» **Requirement**:
Quote all lines below exactly. Images stay out.

» **Recorded information**:

__________________________________________________

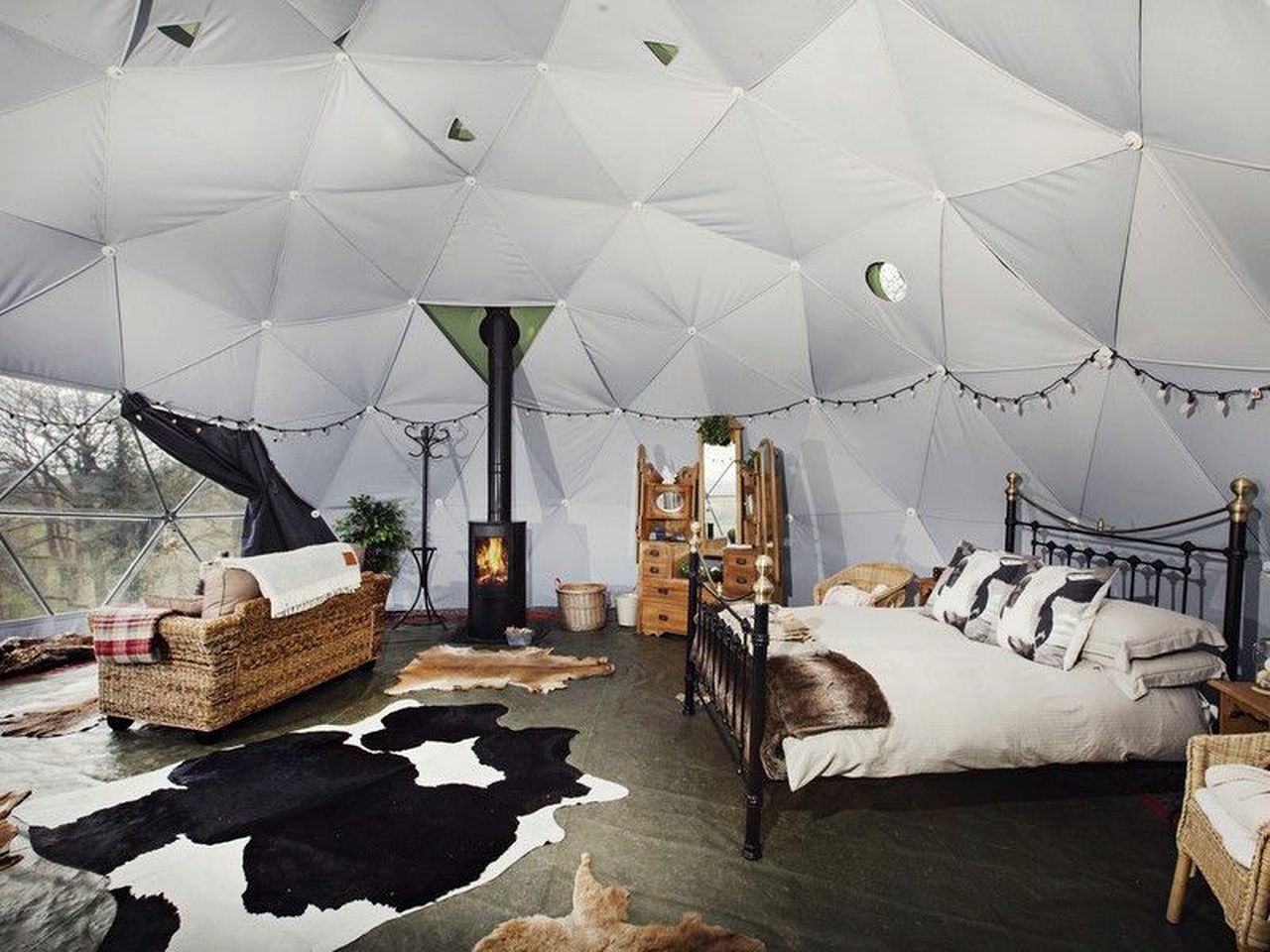 Gorgeous Glamping Dome Rental for a Romantic Getaway in Wales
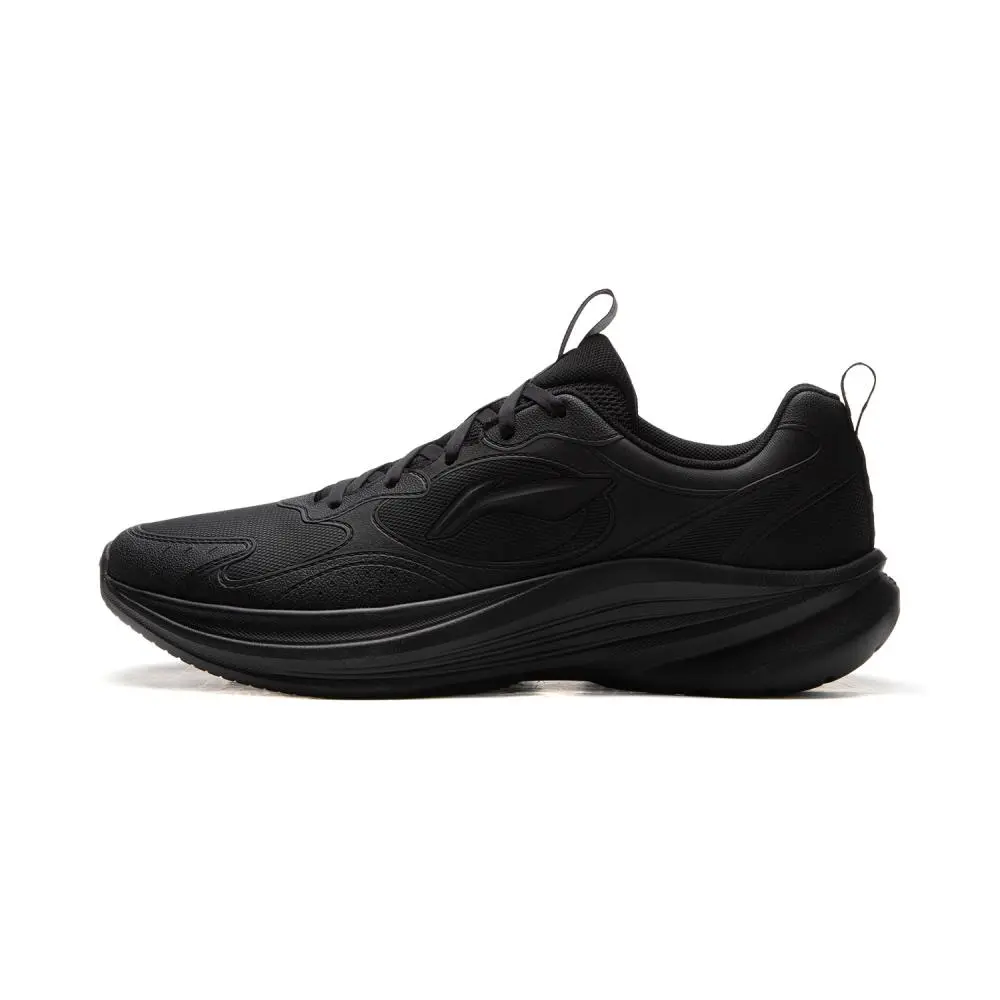 LiNing Shock Absorbers Rebound Low top Casual Sprint Running Shoes Men's Black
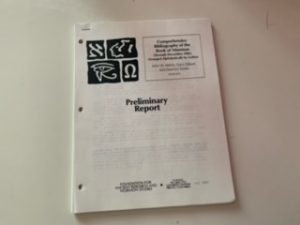1987- Preliminary Report: Comprehensive Bibliography of the Book of Mormon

__________________________________________________

» **Exercise solution**:
 Gorgeous Glamping Dome Rental for a Romantic Getaway in Wales
 LiNing Shock Absorbers Rebound Low top Casual Sprint Running Shoes Men's Black
1987- Preliminary Report: Comprehensive Bibliography of the Book of Mormon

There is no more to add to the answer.